Your objective. Your answer should hold only the lines from the one containing "Альтернантера бетцика" through the last line below, copied exactly; pictures stay out.

[Collection entries]
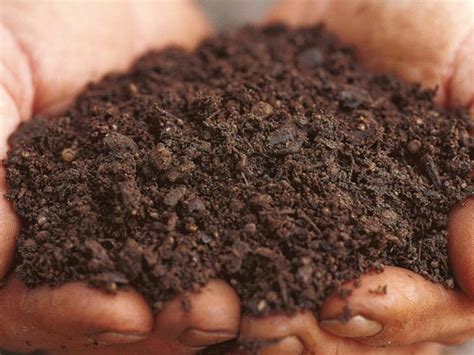 Make the Most of Your Garden Soil With These 6 Types Of Soil!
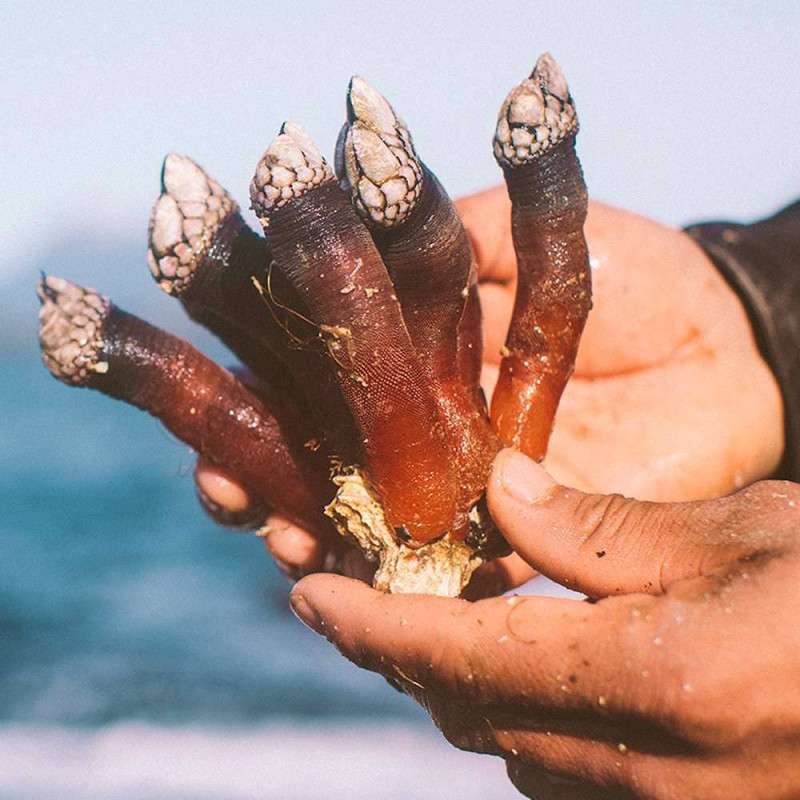 梦幻美食 人称地狱海鲜的 鹅颈藤壶goose Barnacles 世界高级品luxurywatcher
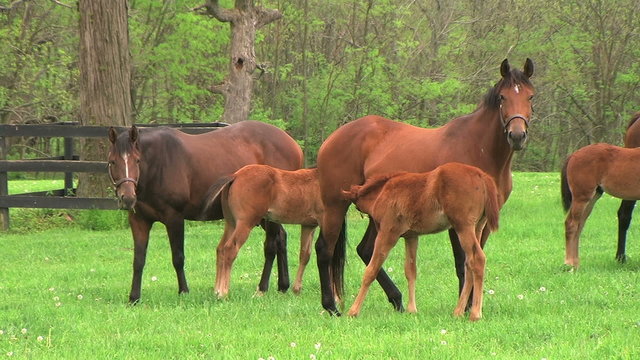 Foal Nursing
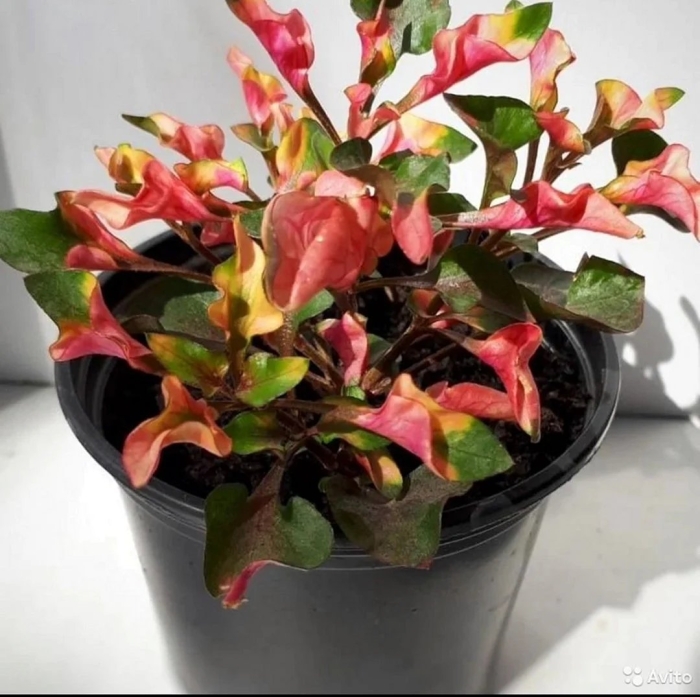 Альтернантера бетцика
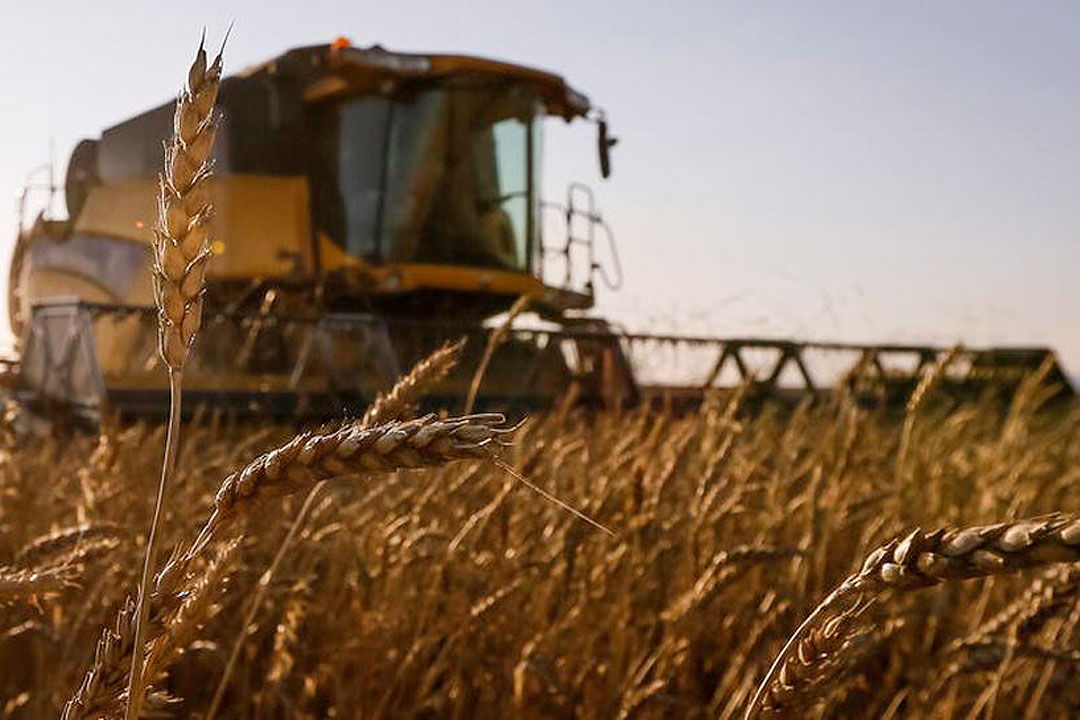 Russia-wheat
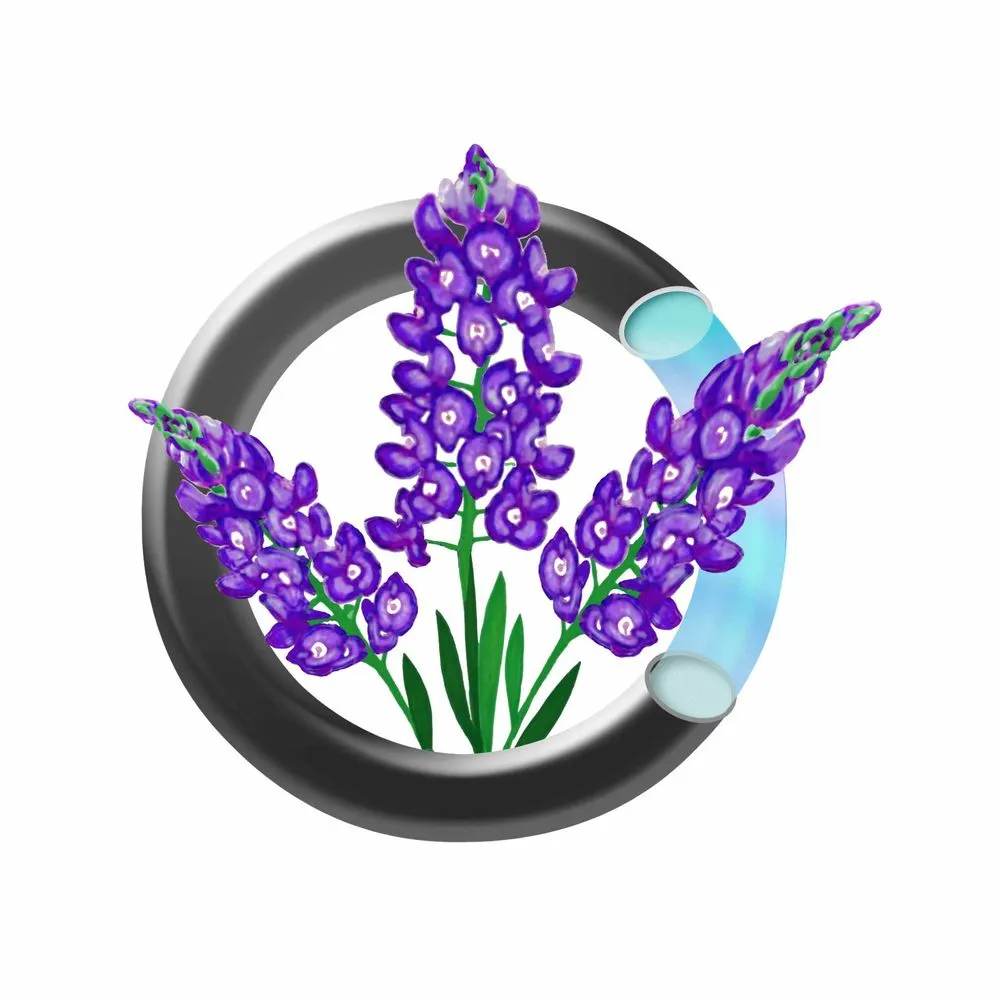 Top-rated yard cleanup service for outdoor upgrades across Lewisville, TX - Canon Outdoors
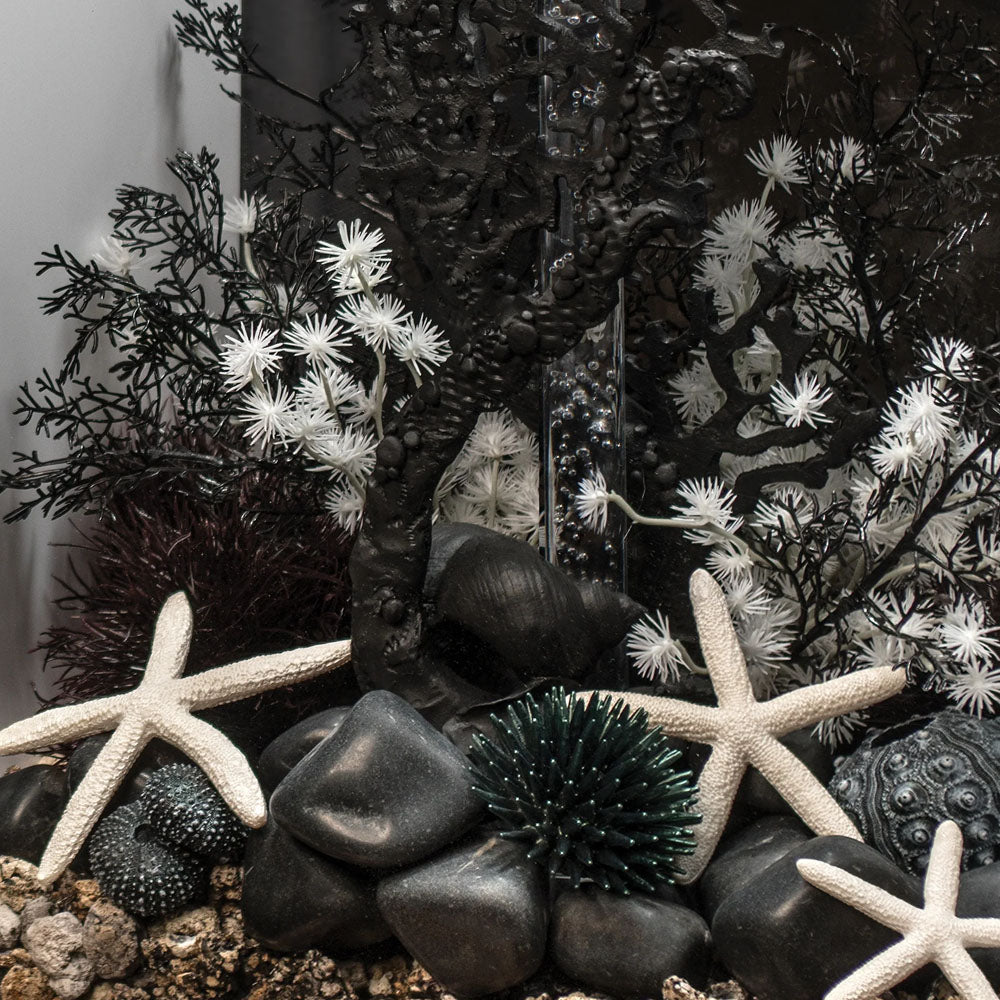 Black Sea Fan - Medium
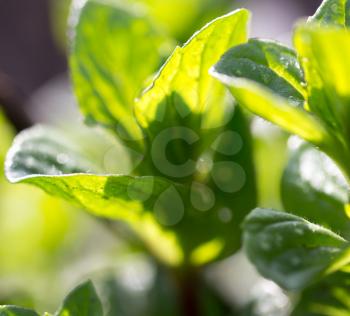 young leaves of mint in nature. macro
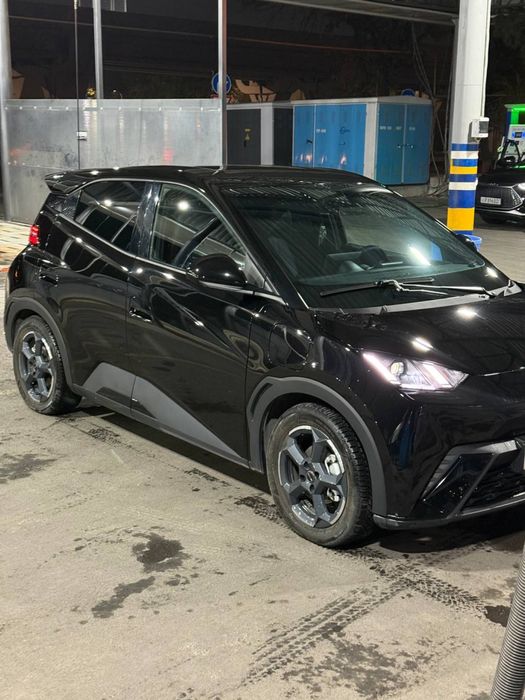 BYD seagull 405km full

Worked solution.
 Альтернантера бетцика
 Russia-wheat
 Top-rated yard cleanup service for outdoor upgrades across Lewisville, TX - Canon Outdoors
 Black Sea Fan - Medium
 young leaves of mint in nature. macro
 BYD seagull 405km full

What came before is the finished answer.